We label bill titles using the topic coding system of the Policy Agendas Project/ Comparative Agendas Project. In 2014 the PAP system was modified and the codebook updated and we have altered the major and minor topic labels of congressional bills to reflect these changes. The earlier bills codes (oldMajor, oldMinor) are included through the 112th Congress.

The topic coding system is mutually exclusive (only one topic for each bill title). Thus researchers should not assume that every bill relating to 'air pollution' (for example) will be coded as '705.' In addition, topics are based on titles 'as introduced,' and bill titles (and substance) can change (we use short descriptions for the pre-1973 period).

We strive for 90% interannotator reliability at the major topic level, and 80% at the subtopic level during the training process. Annotators train for an academic quarter and then we assign bills to individual annotators.


Committee Membership. The Policy Agendas committee codes we use are different from those used in the Committee membership database maintained by Professor Charles Stewart at MIT. This Committees Crosswalk facilitates efforts to integrate information from the two datasets.

ICPSR - NOMINATE crosswalk. The ICPSR numbers used in some other datasets are notoriously confusing.
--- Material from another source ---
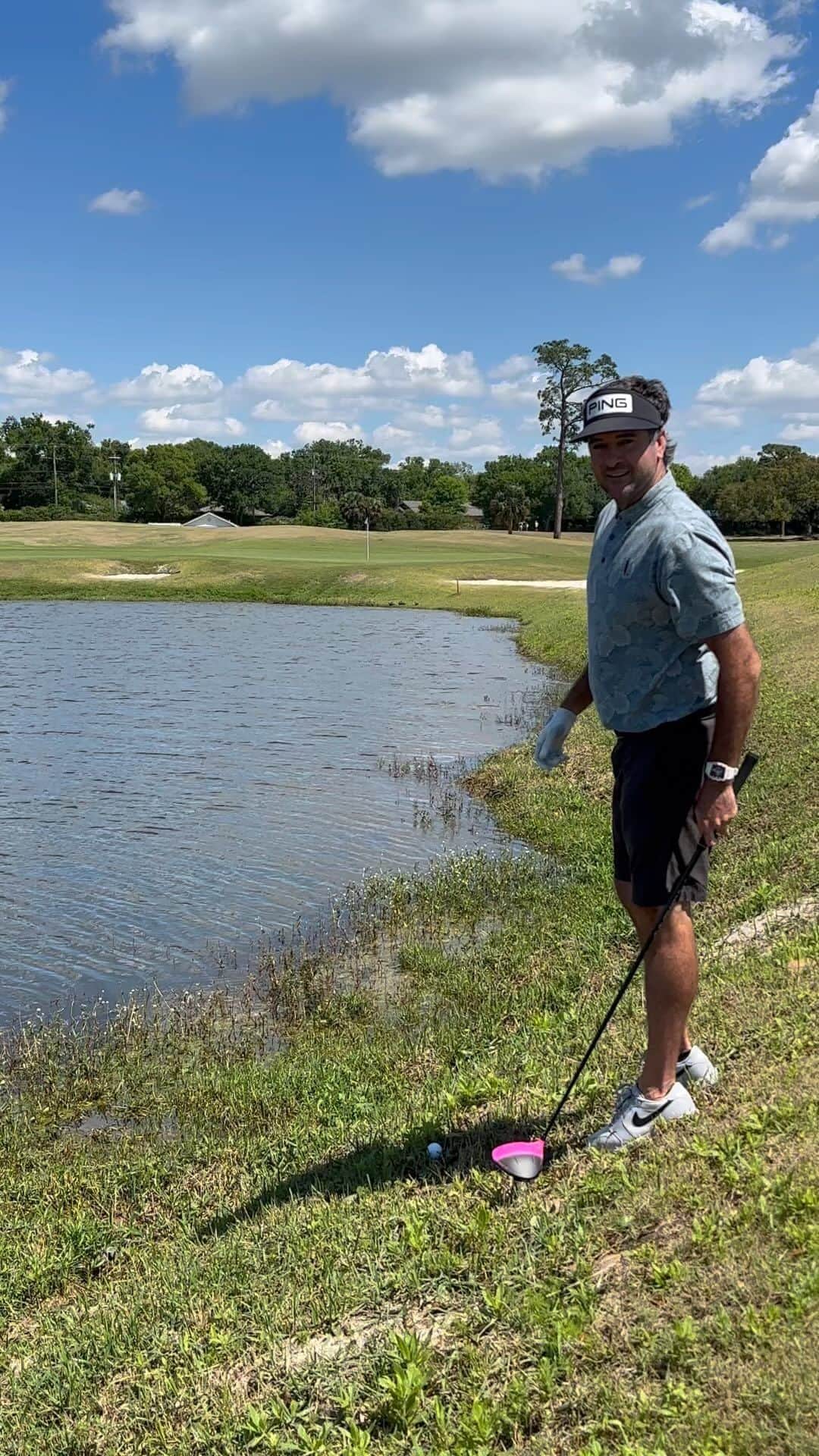 バッバ・ワトソンのインスタグラム：「Guys driver off the deck skip on to the green isn’t that tough!🤔🥱 #youseeit #skipit #livgolf #RangeGoatsGC」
Two members may have the same ICPSR number, and the same member may have been assigned different numbers in different Congresses. Nevertheless, users may still want to integrate the valuable data contained in those datasets. This Member ID crosswalk can be used to associate old ICPSR numbers with the one used in the bills project - the revised member IDs developed by Keith Poole and Howard Rosenthal as part of the NOMINATE project.